The proteins in our body must not only be the right configuration, but the right shape. Prions are misfolded proteins that are also self replicating which can cause biological systems to malfunction such as forming holes in the brain called spongiform encephalitis (Mad Cow disease or Crutchfield Jacobs disease in humans).
Prions can spread from one organism to another by mouth, blood or contaminated surfaces. Like infectious viruses, prions can also have variants, or strains, that produce different effects, not all of which are harmful. Unlike the rest of biologically active structures, prions don’t have information-storage molecules like DNA or RNA, yet they are able to copy and transmit biological information. This has strained the idea that all replication of proteins must come from an information coding system like DNA or RNA. While it does put some strain on the validity of our conventional interpretations of how things happen in evolution and biology (that proteins are “only” manufactured from DNA to RNA and then to final form as protein), it may also be a clue to our origins. (Note* retroviruses are also known to violate this rule, called the central dogma of molecular biology)

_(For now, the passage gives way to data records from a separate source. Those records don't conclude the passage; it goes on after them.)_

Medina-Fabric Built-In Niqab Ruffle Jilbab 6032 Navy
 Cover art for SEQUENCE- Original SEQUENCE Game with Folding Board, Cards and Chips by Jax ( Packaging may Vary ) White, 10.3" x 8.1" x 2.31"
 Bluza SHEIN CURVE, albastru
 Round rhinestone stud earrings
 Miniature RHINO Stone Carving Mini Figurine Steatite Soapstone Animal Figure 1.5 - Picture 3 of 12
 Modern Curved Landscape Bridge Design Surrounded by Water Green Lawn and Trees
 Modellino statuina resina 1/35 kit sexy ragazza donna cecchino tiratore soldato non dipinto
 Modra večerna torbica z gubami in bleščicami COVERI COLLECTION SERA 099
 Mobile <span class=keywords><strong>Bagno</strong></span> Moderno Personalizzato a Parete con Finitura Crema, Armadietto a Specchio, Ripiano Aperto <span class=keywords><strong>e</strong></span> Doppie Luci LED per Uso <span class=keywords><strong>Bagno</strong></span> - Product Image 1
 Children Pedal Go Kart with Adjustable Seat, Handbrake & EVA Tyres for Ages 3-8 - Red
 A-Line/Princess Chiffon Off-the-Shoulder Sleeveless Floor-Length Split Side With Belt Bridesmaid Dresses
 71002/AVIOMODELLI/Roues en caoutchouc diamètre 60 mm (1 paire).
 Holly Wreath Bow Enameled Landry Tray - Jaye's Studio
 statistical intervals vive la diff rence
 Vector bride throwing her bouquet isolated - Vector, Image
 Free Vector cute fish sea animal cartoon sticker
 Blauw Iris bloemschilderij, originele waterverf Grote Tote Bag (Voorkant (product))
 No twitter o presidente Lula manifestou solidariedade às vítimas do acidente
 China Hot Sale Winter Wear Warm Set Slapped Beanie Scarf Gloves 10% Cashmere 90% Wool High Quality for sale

Some researchers have proposed that it may be possible, due to the ease with which amino acids and peptides can be produced by abiotic means; that the first protocells may have been proteins only encapsulated in lipid membranes. (For more information look up Fox’s protein microspheres). These microspheres may have only acquired nucleic acids as an adaptation later on as a means information storage related to reproduction.
In other words; it is thought that proteins may have reproduced themselves by some autocatalytic process at first, like that which we see in prions today. Evidence for this can be seen in the fact that there are still noncoded peptides in certain bacteria to this day (See Day, 1979, p. 369). Is it possible that proteins began working in mutually beneficial symbiotic relation to each other and some of which eventually specialized in information storage and protein synthesis” This type of relationship dynamic is known to have happened in the case of mitochondria and chloroplasts, Eukaryotes are thought to originated as symbiotic prokaryote organisms that fused into obligate (necessary-inseparable) form.
Is it possible that RNA and DNA were adaptive strategies in service of prions? Is the behavior of prions a clue to our origins? Time may tell.